BRASÍLIA, Brazil – Brazil’s central bank slashed its benchmark interest rate to a new all-time low on Wednesday, June 17, saying the economic rout caused by the coronavirus pandemic meant “extraordinarily elevated monetary stimulus” was needed.
The cut – by three-quarters of a percentage point, to 2.25% – was in line with forecasts.
It was the 8th straight cut to the Selic rate.
Brazil’s economy is reeling as the country has become one of the worst flashpoints in the pandemic, with the second highest number of cases and deaths worldwide, after the United States.
The World Bank is forecasting a contraction of 8% this year for Latin America’s biggest economy, which would be its worst annual recession on record.
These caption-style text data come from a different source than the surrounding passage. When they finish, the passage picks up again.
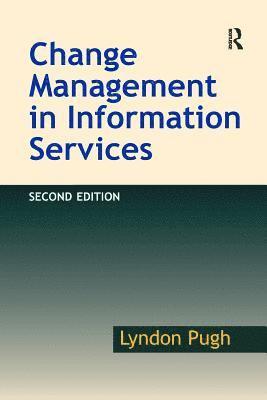 Change Management in Information Services 1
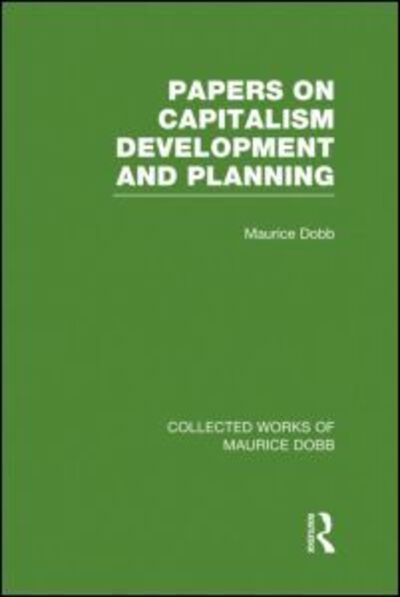 Cover for Maurice Dobb · Papers on Capitalism, Development and Planning - Collected Works of Maurice Dobb (Hardcover Book) (2012)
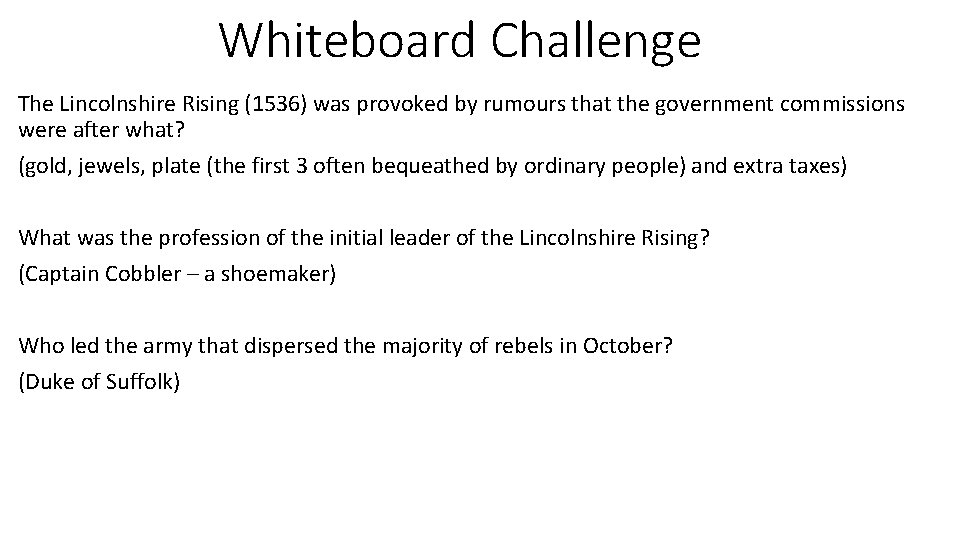 Whiteboard Challenge The Lincolnshire Rising (1536) was provoked by rumours that the government commissions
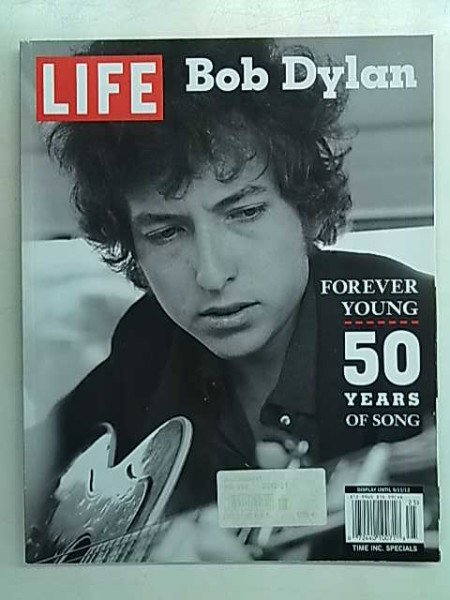 LIFE Books: Bob Dylan - Forever Young - 50 Years of Song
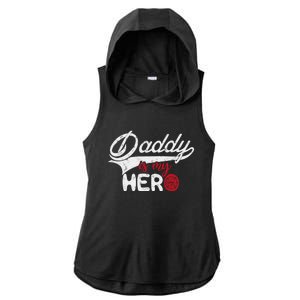 Firefighter Daddy Is My Hero Gift For Fire Son Daughter Cool Gift Ladies PosiCharge Tri-Blend Wicking Draft Hoodie Tank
With coronavirus infections still rising rapidly in Brazil, economists are skeptical the latest rate cut will staunch the losses caused by months of coronavirus stay-at-home orders and business closures.
In practice, despite the series of cuts to the Selic, commercial lending rates remain high – often higher than before the pandemic – reflecting the risk premium charged by banks fearing a flurry of bankruptcies.
The central bank’s governors “need to sit down and think about why the usual monetary policy models aren’t working,” said Jason Vieira of Infinity Assets.
The uncertain environment has been compounded by messy politics, as Brazil has struggled to set a strategy for dealing with the virus.
President Jair Bolsonaro, who has famously compared the virus to a “little flu,” has clashed with state and local authorities over how to contain it.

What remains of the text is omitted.